This is not the sort of ghost story you probably swapped at a childhood sleepover. 

Journalist Tristan Redman has managed to weave a tapestry of spooky stuff into the podcast Ghost Story, a seven-part investigation that involves a faceless woman, supernatural phenomena, a murder, a dark family secret, and a Hollywood actor.

The actor is Hugh Dancy, and the journalist suspects he was haunted by Dancy's great-grandmother while living in his childhood home. 

Umm, what! 

Okay. How on earth did we get here? 

The origin of the Ghost Story podcast.

Ghost Story is another cracking podcast series from Wondery that's a wild ride from beginning to end. It begins with host and journalist Tristan Redman admitting he was haunted as a child. While living in an old Victorian house in London as a 16-year-old, he recalled odd things happening in his bedroom on the top floor. 

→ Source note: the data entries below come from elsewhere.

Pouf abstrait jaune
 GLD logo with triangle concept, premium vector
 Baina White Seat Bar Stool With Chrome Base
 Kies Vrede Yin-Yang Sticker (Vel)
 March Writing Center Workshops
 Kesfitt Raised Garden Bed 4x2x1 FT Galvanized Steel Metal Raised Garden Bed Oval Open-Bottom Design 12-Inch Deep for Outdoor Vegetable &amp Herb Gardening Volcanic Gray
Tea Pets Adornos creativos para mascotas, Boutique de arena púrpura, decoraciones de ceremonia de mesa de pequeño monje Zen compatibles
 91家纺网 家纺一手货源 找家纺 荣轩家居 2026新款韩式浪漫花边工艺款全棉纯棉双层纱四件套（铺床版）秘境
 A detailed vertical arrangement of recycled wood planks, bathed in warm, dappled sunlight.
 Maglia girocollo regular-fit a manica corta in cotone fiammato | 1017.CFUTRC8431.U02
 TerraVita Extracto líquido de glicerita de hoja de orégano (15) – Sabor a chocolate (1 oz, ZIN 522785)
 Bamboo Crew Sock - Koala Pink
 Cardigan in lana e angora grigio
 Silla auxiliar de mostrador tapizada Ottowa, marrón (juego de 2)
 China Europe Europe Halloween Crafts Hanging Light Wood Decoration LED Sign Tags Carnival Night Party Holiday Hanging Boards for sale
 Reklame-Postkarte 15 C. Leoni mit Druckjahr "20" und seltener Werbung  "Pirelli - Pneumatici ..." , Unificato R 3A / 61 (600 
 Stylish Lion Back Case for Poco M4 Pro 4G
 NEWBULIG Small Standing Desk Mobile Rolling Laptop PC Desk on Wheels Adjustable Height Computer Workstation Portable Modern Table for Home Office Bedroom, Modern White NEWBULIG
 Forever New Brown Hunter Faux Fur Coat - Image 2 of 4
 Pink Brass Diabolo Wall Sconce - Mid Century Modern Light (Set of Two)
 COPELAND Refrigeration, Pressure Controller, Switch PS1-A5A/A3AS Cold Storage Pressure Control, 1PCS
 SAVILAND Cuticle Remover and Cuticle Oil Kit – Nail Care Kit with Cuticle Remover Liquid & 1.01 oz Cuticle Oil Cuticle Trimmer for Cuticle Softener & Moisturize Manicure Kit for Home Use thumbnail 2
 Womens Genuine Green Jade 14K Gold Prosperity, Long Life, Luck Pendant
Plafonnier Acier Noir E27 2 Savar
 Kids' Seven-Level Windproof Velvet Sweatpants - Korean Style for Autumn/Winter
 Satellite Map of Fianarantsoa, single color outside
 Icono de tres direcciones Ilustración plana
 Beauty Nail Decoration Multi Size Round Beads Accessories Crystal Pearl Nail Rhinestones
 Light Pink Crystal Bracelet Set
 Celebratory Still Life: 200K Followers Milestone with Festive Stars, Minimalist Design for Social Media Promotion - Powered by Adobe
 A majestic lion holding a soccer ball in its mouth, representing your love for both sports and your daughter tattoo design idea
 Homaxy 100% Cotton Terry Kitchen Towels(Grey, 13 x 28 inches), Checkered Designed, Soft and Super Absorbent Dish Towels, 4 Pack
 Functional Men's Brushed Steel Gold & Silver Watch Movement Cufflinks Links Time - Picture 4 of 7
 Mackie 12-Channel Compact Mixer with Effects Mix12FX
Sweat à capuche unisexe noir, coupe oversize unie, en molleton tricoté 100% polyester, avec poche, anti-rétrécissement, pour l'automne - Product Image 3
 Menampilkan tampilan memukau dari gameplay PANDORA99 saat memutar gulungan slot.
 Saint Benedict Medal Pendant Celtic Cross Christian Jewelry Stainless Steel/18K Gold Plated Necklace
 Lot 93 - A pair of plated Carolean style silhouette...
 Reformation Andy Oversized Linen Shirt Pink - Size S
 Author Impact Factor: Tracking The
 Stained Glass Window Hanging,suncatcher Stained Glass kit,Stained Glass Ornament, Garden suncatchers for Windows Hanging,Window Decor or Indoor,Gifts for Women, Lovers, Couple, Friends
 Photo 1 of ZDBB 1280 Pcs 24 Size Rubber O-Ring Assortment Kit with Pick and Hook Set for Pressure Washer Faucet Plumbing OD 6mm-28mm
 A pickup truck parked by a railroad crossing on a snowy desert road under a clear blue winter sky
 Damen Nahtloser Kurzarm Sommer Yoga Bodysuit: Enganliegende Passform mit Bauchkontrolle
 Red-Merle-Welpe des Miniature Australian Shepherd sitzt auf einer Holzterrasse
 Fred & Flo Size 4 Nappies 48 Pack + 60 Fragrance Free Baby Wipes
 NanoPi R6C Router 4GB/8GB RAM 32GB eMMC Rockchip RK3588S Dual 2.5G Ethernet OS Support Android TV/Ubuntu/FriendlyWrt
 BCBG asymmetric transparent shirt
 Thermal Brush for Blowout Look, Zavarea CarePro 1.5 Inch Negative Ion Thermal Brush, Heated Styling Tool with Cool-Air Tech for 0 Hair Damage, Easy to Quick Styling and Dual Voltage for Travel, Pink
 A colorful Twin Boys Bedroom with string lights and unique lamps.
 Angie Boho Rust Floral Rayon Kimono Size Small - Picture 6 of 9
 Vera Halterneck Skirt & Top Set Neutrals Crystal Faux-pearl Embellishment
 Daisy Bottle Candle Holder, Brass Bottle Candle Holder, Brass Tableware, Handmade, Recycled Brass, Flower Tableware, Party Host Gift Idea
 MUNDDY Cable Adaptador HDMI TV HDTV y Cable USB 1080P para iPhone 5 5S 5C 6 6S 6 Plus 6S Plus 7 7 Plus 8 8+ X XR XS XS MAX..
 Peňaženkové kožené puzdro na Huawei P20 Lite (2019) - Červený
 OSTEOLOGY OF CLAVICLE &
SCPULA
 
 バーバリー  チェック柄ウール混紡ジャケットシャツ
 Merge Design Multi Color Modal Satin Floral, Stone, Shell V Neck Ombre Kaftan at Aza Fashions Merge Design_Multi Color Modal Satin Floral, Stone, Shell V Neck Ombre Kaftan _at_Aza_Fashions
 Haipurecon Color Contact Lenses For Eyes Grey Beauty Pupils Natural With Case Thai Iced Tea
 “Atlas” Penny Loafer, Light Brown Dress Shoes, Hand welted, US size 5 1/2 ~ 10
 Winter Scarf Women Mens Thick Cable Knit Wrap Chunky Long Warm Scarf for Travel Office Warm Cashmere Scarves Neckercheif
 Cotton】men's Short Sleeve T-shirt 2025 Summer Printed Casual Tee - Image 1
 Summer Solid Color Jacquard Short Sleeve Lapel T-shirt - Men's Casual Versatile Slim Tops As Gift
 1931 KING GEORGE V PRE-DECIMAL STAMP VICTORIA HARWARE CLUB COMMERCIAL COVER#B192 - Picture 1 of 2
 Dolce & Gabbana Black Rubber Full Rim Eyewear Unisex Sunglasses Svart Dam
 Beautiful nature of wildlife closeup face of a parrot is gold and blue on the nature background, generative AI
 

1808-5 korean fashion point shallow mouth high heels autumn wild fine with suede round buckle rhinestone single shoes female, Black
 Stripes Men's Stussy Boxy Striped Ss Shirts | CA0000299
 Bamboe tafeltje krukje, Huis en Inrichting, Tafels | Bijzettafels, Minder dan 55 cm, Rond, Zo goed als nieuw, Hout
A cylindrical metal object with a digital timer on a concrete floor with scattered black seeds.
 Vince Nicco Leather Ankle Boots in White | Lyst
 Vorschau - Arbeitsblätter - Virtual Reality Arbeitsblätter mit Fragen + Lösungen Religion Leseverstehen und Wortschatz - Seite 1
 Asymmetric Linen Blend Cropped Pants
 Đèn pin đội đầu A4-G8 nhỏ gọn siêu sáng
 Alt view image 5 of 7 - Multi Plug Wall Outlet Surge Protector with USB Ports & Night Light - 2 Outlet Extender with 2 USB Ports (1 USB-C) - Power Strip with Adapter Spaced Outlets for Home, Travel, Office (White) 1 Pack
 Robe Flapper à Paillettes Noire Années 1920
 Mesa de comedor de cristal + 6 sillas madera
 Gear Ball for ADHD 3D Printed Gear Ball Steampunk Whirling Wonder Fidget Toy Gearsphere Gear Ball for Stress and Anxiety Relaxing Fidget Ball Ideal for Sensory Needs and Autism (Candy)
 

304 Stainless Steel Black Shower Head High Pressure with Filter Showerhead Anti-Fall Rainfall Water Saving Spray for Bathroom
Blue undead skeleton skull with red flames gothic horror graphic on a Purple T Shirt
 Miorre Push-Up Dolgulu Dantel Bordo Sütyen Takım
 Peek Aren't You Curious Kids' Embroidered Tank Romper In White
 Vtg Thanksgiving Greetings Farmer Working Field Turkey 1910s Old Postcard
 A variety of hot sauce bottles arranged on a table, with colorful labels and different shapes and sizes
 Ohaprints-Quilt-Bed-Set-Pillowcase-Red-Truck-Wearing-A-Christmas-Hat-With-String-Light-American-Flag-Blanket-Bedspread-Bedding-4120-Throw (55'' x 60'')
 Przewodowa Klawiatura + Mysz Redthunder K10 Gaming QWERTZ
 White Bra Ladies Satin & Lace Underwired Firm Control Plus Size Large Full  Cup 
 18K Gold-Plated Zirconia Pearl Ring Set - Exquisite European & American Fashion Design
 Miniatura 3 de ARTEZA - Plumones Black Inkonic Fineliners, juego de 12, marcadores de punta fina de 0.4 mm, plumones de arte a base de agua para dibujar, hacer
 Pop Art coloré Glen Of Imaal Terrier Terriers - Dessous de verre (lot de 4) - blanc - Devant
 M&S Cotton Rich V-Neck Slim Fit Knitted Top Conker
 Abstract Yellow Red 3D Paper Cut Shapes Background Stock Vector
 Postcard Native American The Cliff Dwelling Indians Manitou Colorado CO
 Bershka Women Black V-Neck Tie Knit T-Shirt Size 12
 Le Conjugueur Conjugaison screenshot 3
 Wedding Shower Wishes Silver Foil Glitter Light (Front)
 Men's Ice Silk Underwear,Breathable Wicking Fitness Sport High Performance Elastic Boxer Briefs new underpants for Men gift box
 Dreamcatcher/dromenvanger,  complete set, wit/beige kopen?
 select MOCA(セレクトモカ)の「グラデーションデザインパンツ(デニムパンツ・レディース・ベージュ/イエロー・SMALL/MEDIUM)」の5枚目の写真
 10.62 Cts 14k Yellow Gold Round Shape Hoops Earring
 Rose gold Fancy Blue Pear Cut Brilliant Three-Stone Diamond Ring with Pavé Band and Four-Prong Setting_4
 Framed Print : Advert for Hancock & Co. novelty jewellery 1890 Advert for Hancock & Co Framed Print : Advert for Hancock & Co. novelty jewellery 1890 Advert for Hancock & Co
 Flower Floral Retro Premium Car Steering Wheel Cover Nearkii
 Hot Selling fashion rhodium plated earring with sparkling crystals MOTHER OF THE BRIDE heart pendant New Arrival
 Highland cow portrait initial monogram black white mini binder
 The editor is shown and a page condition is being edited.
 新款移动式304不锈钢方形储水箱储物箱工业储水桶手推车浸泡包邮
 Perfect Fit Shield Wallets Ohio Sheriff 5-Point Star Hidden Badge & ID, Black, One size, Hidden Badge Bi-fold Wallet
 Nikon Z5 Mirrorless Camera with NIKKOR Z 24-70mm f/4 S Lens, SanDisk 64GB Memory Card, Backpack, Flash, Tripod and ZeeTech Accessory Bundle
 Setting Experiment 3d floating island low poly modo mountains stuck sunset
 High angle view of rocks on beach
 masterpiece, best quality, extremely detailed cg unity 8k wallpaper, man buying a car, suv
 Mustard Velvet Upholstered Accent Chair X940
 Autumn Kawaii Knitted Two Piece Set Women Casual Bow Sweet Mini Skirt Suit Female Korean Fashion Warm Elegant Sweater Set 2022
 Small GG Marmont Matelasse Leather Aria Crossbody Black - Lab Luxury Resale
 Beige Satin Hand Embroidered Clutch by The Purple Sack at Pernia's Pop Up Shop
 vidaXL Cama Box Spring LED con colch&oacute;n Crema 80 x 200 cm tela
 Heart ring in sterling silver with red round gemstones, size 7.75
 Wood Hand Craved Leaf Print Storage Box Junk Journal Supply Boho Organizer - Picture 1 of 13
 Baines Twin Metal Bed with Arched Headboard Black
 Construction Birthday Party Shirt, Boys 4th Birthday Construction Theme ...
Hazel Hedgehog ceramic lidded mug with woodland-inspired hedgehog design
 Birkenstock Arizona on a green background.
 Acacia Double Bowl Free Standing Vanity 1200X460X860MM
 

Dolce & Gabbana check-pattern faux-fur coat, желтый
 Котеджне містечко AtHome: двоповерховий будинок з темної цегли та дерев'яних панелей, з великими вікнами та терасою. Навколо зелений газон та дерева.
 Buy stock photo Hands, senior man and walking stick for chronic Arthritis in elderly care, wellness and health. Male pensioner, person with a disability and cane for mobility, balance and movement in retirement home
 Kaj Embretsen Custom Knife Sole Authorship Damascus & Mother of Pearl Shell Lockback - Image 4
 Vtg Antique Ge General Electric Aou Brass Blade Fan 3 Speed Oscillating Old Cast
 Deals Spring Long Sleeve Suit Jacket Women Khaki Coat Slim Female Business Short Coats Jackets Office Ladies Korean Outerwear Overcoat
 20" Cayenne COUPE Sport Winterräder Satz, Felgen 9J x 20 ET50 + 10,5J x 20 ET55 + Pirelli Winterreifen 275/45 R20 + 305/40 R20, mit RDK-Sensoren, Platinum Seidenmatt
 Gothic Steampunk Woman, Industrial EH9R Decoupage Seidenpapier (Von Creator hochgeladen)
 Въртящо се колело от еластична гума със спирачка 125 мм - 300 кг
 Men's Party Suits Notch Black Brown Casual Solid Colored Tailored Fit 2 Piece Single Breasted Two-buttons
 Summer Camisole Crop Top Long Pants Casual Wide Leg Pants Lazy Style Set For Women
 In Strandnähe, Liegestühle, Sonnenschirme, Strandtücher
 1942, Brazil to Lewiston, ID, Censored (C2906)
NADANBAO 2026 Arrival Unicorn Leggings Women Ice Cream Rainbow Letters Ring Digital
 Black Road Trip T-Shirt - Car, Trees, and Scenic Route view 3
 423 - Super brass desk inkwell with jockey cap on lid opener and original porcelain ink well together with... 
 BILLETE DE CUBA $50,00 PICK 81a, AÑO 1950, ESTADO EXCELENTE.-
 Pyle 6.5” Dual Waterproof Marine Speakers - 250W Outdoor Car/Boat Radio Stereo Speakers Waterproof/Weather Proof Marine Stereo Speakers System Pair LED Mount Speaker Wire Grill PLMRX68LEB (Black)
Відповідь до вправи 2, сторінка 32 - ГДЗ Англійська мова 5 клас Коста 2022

"I'd wake up and objects would have moved around the room. Particularly this one vase, I'd go to bed and it would be on the mantlepiece but then in the morning, it would be on the desk... the next morning I'd find it somewhere else" he said. 

Tristan also remembered lights flashing on and off on their own and a "cold feeling" when he was home alone. Tristan didn't think much of it at the time, instead suspecting his sister was playing tricks on him. 

This is because Tristan Redman does not believe in ghosts. 

Tristan had all but forgotten what happened to him as a teenage boy until one day he received an email from his dad. In the message, his father said he had spoken to an old neighbour who encountered a former resident of their London home who claimed the house was haunted.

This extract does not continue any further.